## YOUR OBJECTIVE
Without the pictures, set down everything in the listing exactly.

## DATA EXTRACT
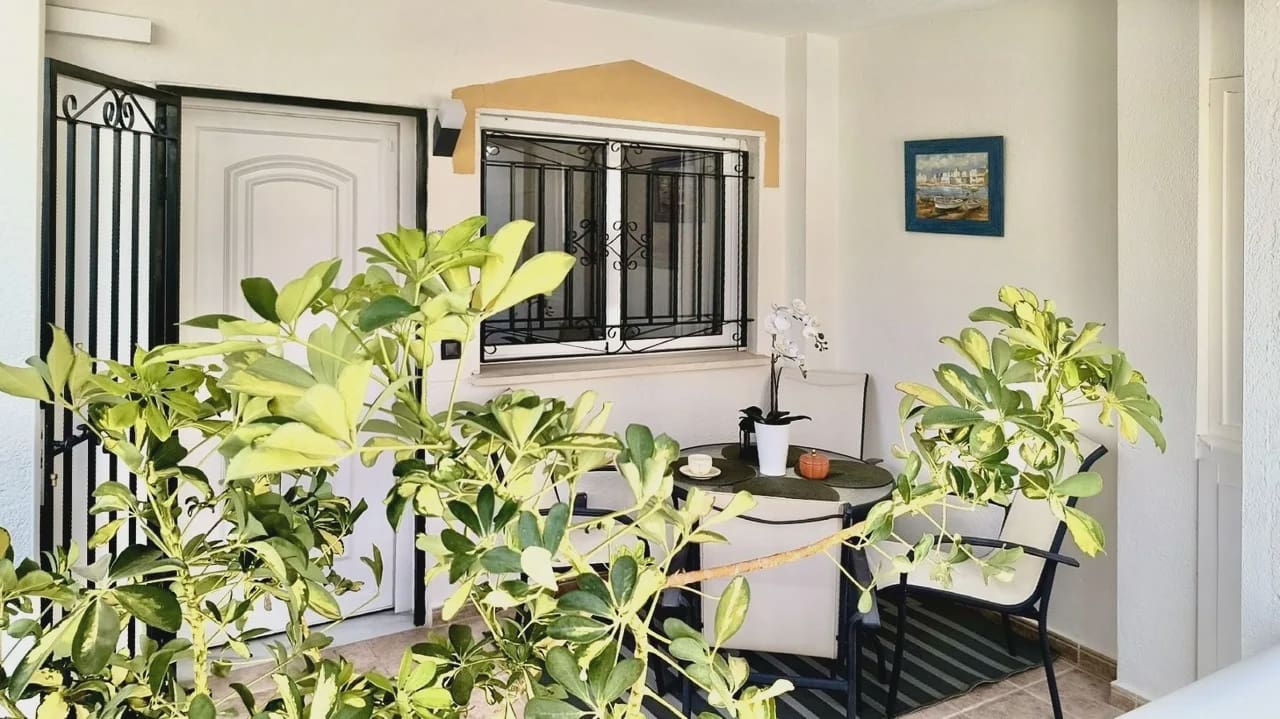 3 soverom Hus til salgs i Los Altos med svømmebasseng - € 268 800 (Ref: 9977699)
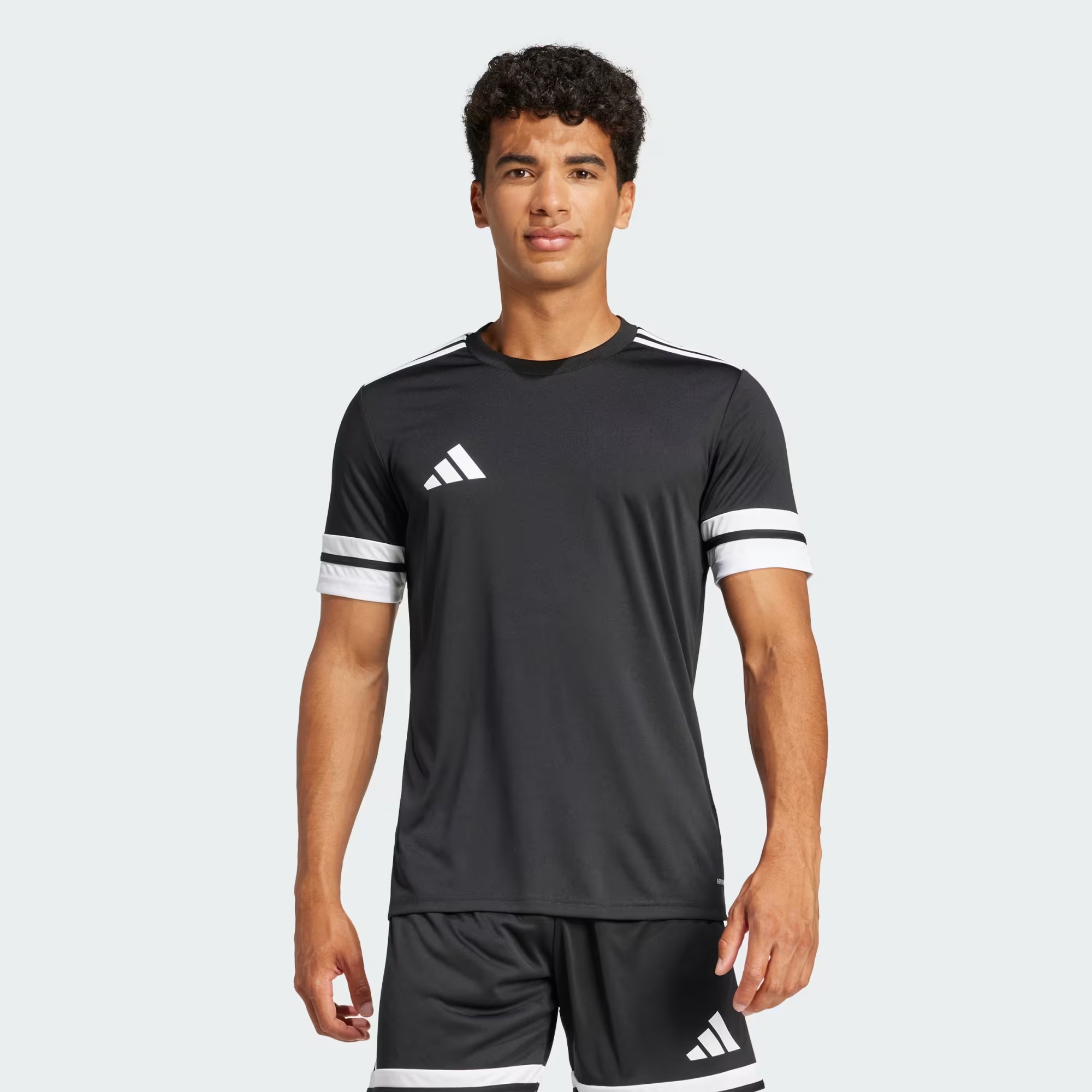 Adidas Squadra 25 Kişilər üçün futbol köynəyi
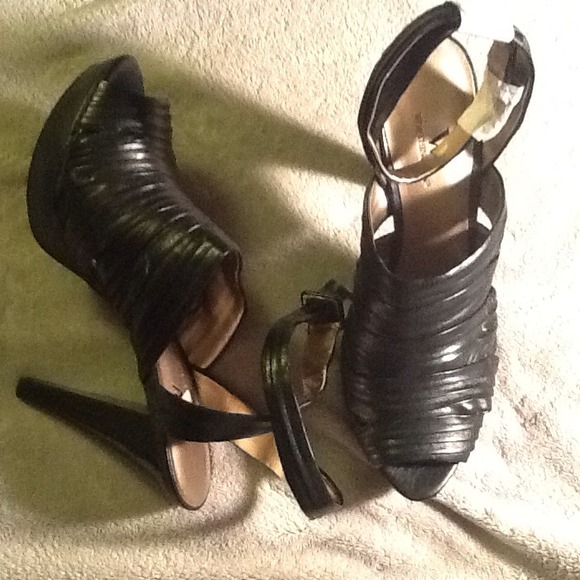 SOLD! ! ! Cute black heel.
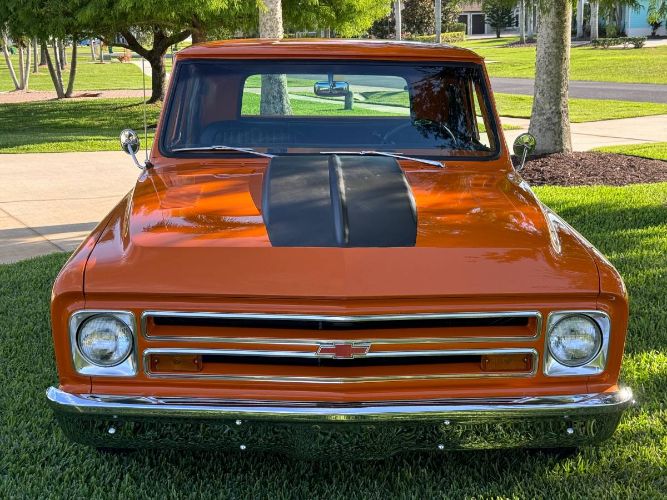 Chevrolet-C10-1967-Custom-19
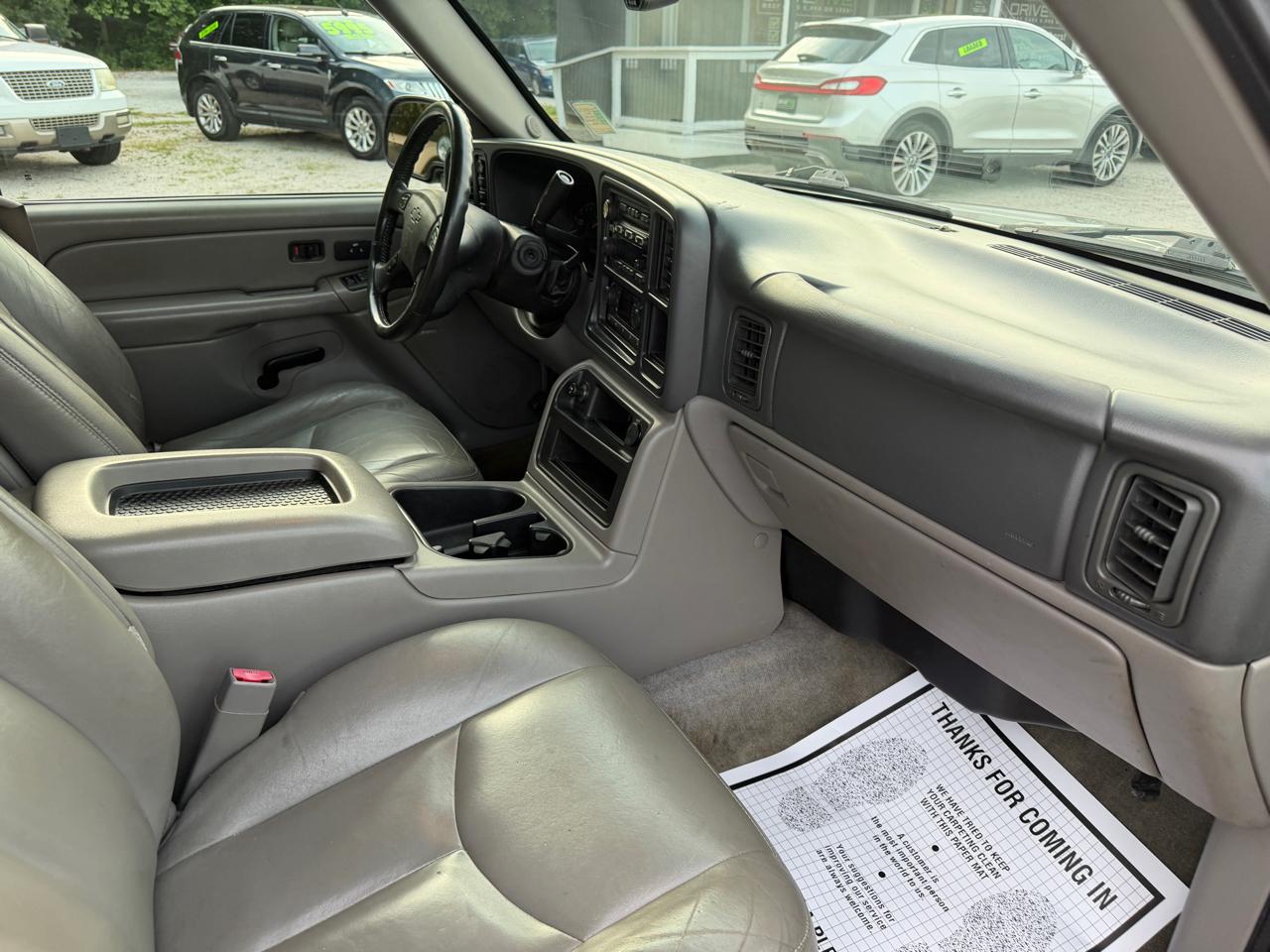 Chevrolet Suburban 1500 4WD 2004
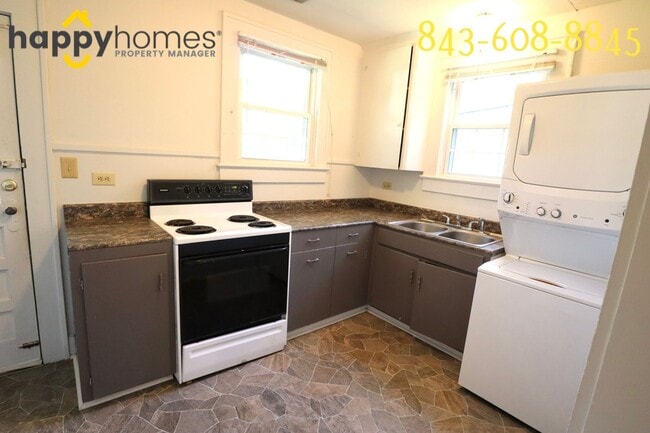 Building Photo - Cozy 2 bedroom 1 bath home in trendy Riverland Terrace!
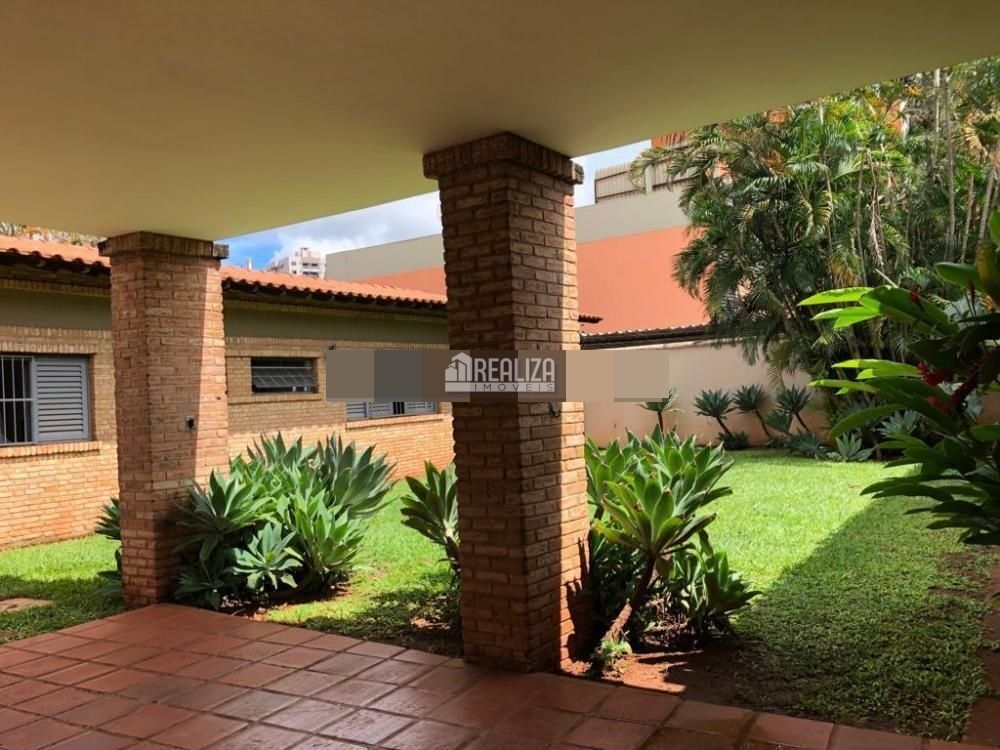 Casa à venda com 4 quartos, 436m² - Foto 1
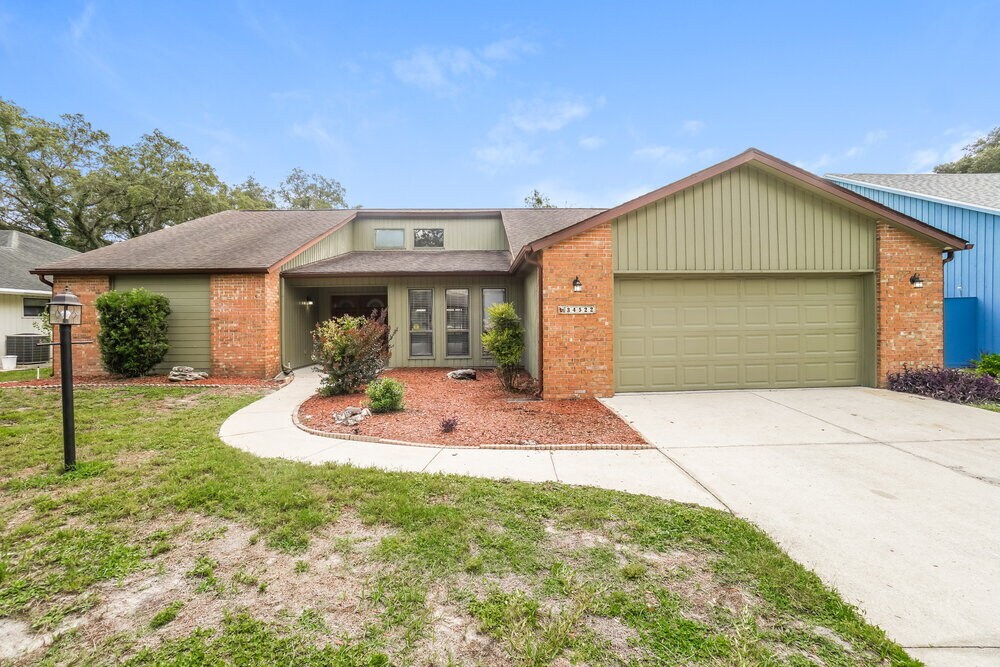 Primary Photo - 34522 Cedarfield Dr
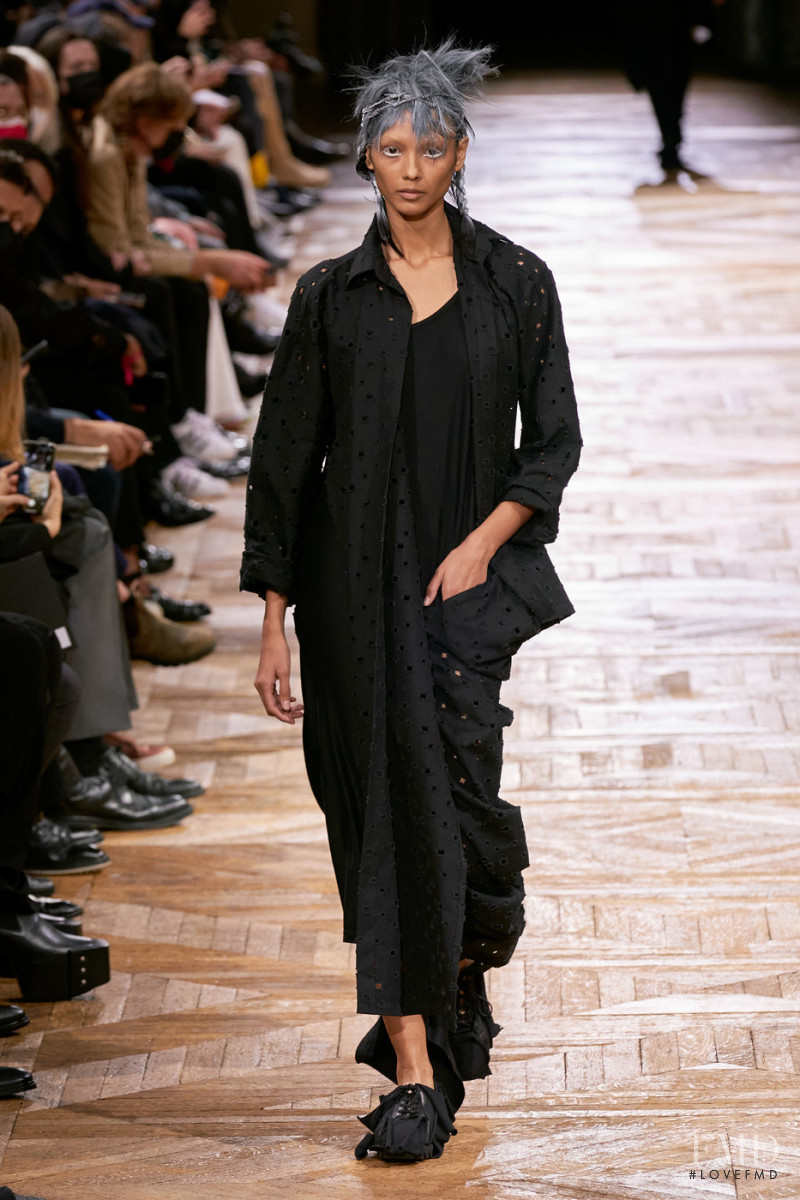 Yohji Yamamoto fashion show for Spring/Summer 2022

## SOLUTION TO THIS PROBLEM
 3 soverom Hus til salgs i Los Altos med svømmebasseng - € 268 800 (Ref: 9977699)
 Adidas Squadra 25 Kişilər üçün futbol köynəyi
 SOLD! ! ! Cute black heel.
 Chevrolet-C10-1967-Custom-19
 Chevrolet Suburban 1500 4WD 2004
 Building Photo - Cozy 2 bedroom 1 bath home in trendy Riverland Terrace!
 Casa à venda com 4 quartos, 436m² - Foto 1
 Primary Photo - 34522 Cedarfield Dr
 Yohji Yamamoto fashion show for Spring/Summer 2022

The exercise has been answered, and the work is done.